--- Data records Enclosed Below ---
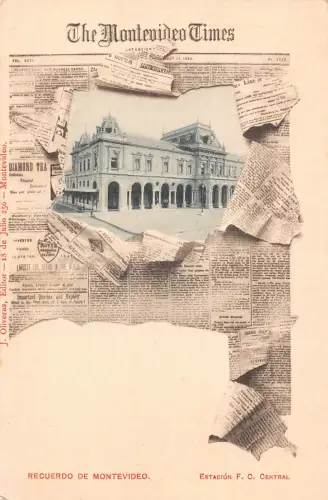 B587 Zeitungsumschlag The Montevideo Times Uruguay Bahnhof Postkarte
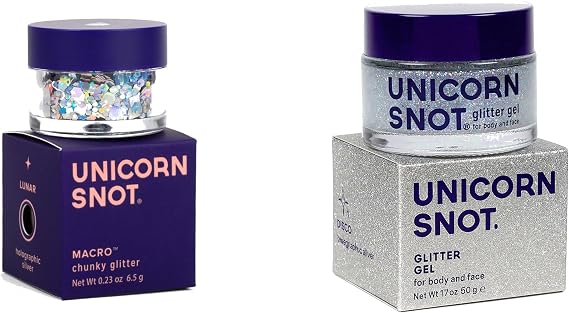 UNICORN SNOT Macro Glitter & Holographic Glitter Gel Bundle Makeup for Festivals, Raves, Cosplay Safe, Vegan, Easy Removal (Lunar & Disco)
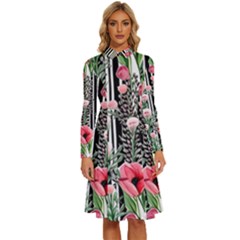 Tropical Paradise - Watercolor Botanical Flowers Long Sleeve Shirt Collar A-line Dress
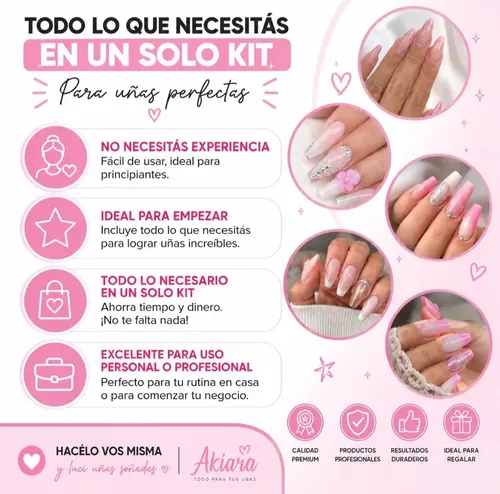 Kit Profesional Completo Uñas Soft Gel Led Uv X57u.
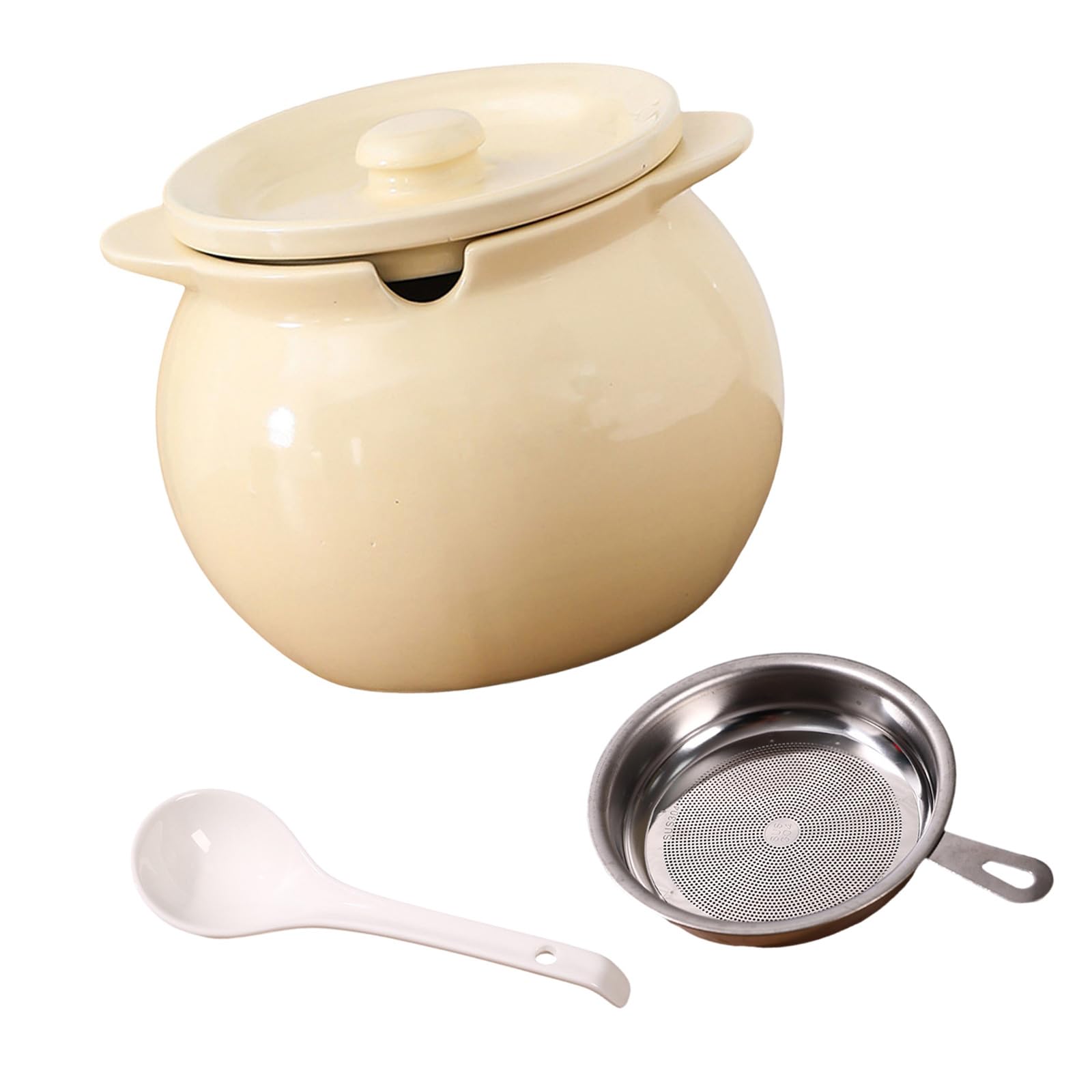 carotoe 1400Ml Ceramic Oil Storage Jar with Lid and Handle for Kitchen Countertop Decoration Practical Bacons Grease Container Food Grade Earthenware Oil Container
--- End of Enclosed Data records ---
* _Exercise goal_
Given the listing above, return exactly, and only, the lines from the line with "Tropical Paradise - Watercolor" through its final line, both included, with the pictures removed.

* _Problem solution_
 Tropical Paradise - Watercolor Botanical Flowers Long Sleeve Shirt Collar A-line Dress
 Kit Profesional Completo Uñas Soft Gel Led Uv X57u.
 carotoe 1400Ml Ceramic Oil Storage Jar with Lid and Handle for Kitchen Countertop Decoration Practical Bacons Grease Container Food Grade Earthenware Oil Container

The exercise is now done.